The High-Frequency Major Histocompatibility Complex Class I Allele Mamu-B*17 Is Associated with Control of Simian Immunodeficiency Virus SIVmac239 Replication

Abstract

Particular HLA alleles are associated with reduced human immunodeficiency virus replication. It has been difficult, however, to characterize the immune correlates of viral control. An analysis of the influence of major histocompatibility complex class I alleles on viral control in 181 simian immunodeficiency virus SIVmac239-infected rhesus macaques revealed that Mamu-B*17 was associated with a 26-fold reduction in plasma virus concentrations (P < 0.001). Mamu-B*17 was also enriched 1,000-fold in a group of animals that controlled viral replication. Even after accounting for this group, Mamu-B*17 was associated with an eightfold reduction in plasma virus concentrations (P < 0.001). Mamu-B*17-positive macaques could, therefore, facilitate our understanding of the correlates of viral control.

Major histocompatibility complex (MHC) class I alleles have been associated with the control of human immunodeficiency virus (HIV) replication (1, 2, 3, 5, 13). The protective benefit of the MHC class I alleles HLA-B*27 and HLA-B*57 is well established, and cellular immune responses restricted by these alleles have been characterized (7, 13). Unfortunately, correlating particular responses with the control of viral replication has been difficult. The dual obstacles of HIV variability and allelic diversity of the human MHC class I loci confound interpretation of immune correlates in the rare patients who control the virus. An animal model for understanding the basis of this HLA class I-associated control of viral replication would facilitate an investigation of the underlying immune correlates of control.

The MHC-defined Indian rhesus macaque infected with simian immunodeficiency virus (SIV) provides a tractable model system to discern the influence of MHC class I alleles on the replication of a pathogenic AIDS virus. Previous studies have reported associations between rhesus macaque MHC class I alleles and control of virus replication (9, 10, 11, 12). Here we investigate the effect of high-frequency MHC class I alleles in the Indian rhesus macaque on the control of viral replication after challenge with a clonal virus isolate.

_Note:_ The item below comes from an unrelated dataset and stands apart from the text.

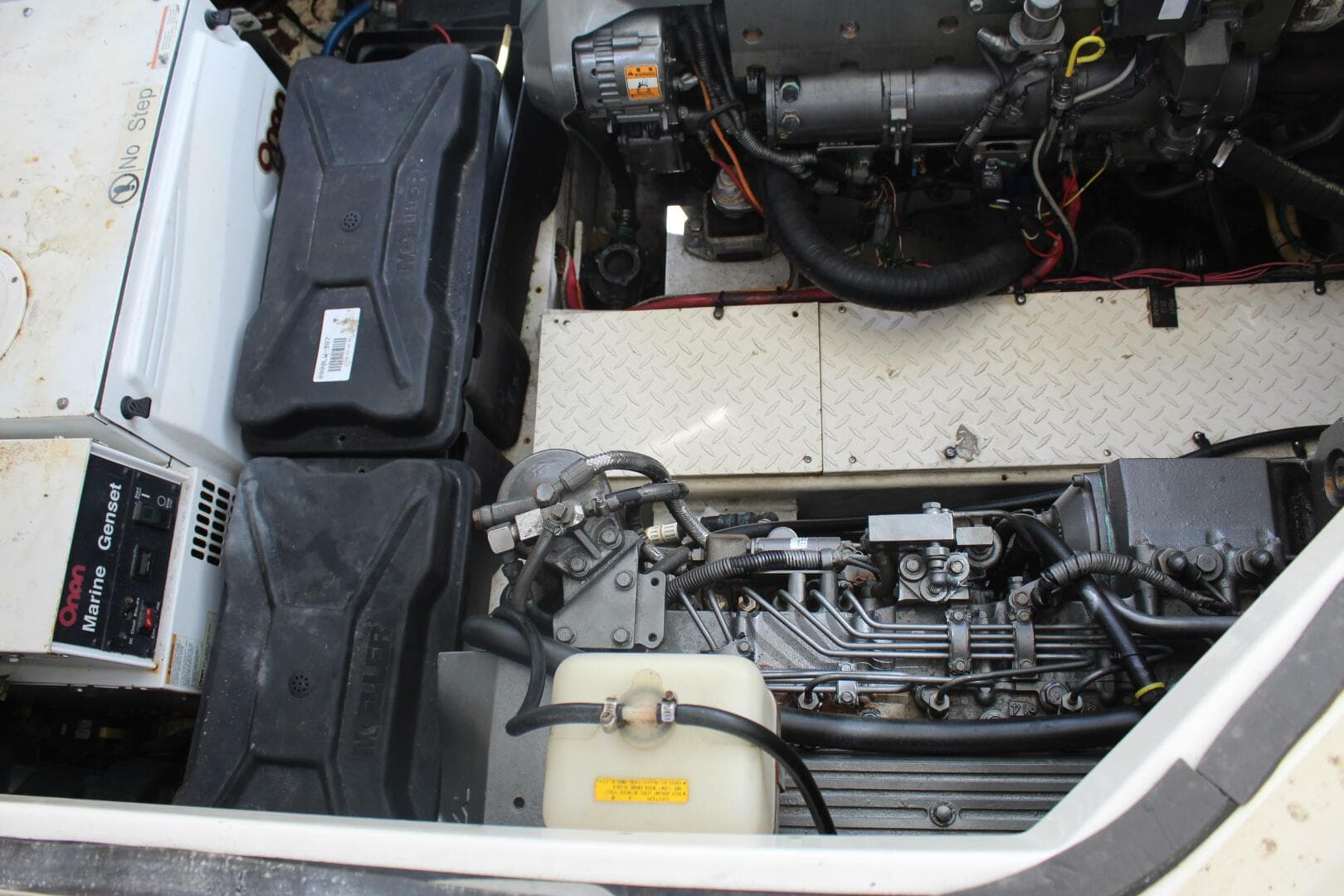 2007 Cruisers Yachts 420 Express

High-frequency MHC class I allele associations with chronic-phase viral control.

To investigate whether particular high-frequency MHC class I alleles are linked to the control of pathogenic SIVmac239 replication, we measured postchallenge plasma virus concentrations in 181 Indian rhesus macaques from two independent cohorts. Multiple chronic-phase plasma virus time points were measured for each animal, from 10 weeks postchallenge through the time of sacrifice (range, 10 to 320 weeks postchallenge). All animals were infected with the clonal isolate SIVmac239.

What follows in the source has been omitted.